Data block:
*-*-*

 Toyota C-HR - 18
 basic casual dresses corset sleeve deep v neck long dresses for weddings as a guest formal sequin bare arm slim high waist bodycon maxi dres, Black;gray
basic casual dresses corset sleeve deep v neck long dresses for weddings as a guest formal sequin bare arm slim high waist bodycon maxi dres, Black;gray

*-*-*

Assignment: All the lines above need to be printed again, exactly.

Answer area:
 Toyota C-HR - 18
 basic casual dresses corset sleeve deep v neck long dresses for weddings as a guest formal sequin bare arm slim high waist bodycon maxi dres, Black;gray
basic casual dresses corset sleeve deep v neck long dresses for weddings as a guest formal sequin bare arm slim high waist bodycon maxi dres, Black;gray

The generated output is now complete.